After the 2002–2003 event, the DM finally reached the upper part of the open-conduit system, where it took part into the steady-state degassing and acquired in turn the textural features typical of the magmas erupted by the open-conduit system. The recharging phase of the DM into the open-conduit system lasted from June 2003 to August 2004 (cf. Patanè et al. 2005) and was accompanied by quiet degassing from the summit vents. As a consequence, the wholly effusive 2004–2005 eruption, which occurred through fracture systems connected with the SE Crater, emitted degassed lavas for 6 months (Fig. 5).

Conclusions

The systematic sampling and analysis of the products emitted during the period 2001–2005 has revealed the progressive ingress within the uppermost segment of the plumbing system of a volatile-rich magma, geochemically distinct from the products previously erupted by the Etnean volcano. For the first time on Mount Etna, it was recognized that deeply rooted fresh magma fed the eruptive activity through fractures whose opening migrated, in a given period, from the periphery of the volcano to the area of summit craters, with a pattern of migration of the eruptive vents opposite to that observed in the past activity. The erupted rocks record gradual changes in their geochemical signature, but even more significant are the diverse eruptive behaviors that characterized the emission of this new magma.
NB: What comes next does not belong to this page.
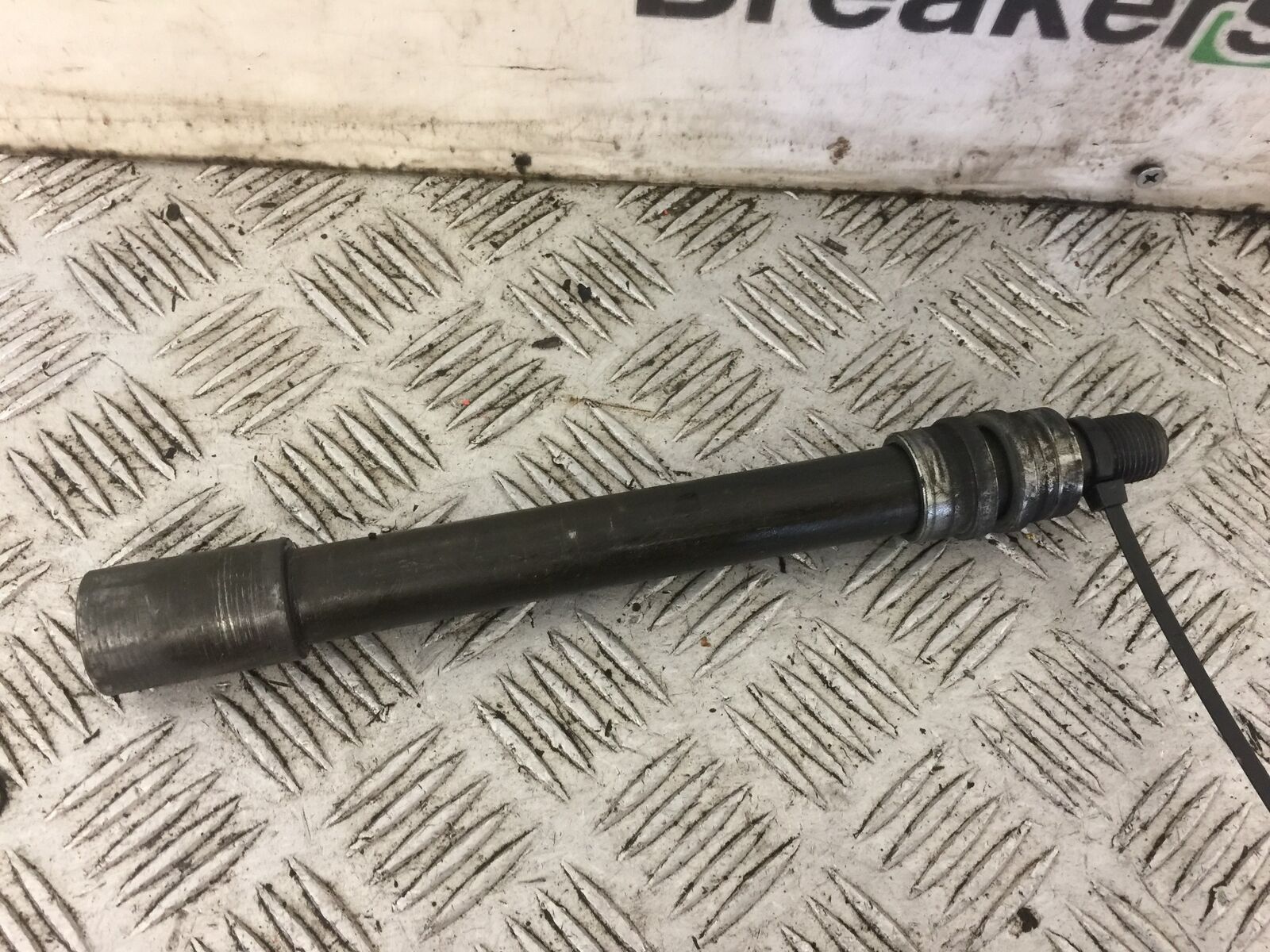 YAMAHA FZS1000 FAZER 1000 FZ1 FRONT WHEEL SPINDLE   YEAR 2000-05 (STOCK 714)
In the first phase, the interaction with magmas residing in shallow reservoirs supplied the activity with large amount of volatiles leading to strong explosive activity, in particular during the 2001 and 2002–2003 eruptions. With time, the new magma reached the axis of the open-conduit where it was involved in the steady-state degassing through the summit craters, which led to the prevailingly effusive eruption of the 2004–2005. Moreover, this work outlines the chief role of the feeding system in controlling the eruptive behaviour (mainly explosive or effusive) more than the compositional character of the emitted products. The activity, in the years following the studied period up to the present, is the result of the new arrangement of the sub-volcanic fracture system, which has produced a new vent (South East Crater 2) located at the base of the South East Crater. This structure has been the site of explosive activity during the last years and can be considered as the new main site of the persistent activity at Mt. Etna. The model of magma supply, proposed here for the period 2001–2005, could be applied to understanding past eruptive cycles at Mt. Etna which were characterized by strong explosive events followed by long periods of exclusively effusive activity, or to other persistently active basaltic volcanoes characterized by alternating styles of eruptions similar to those of Mt. Etna.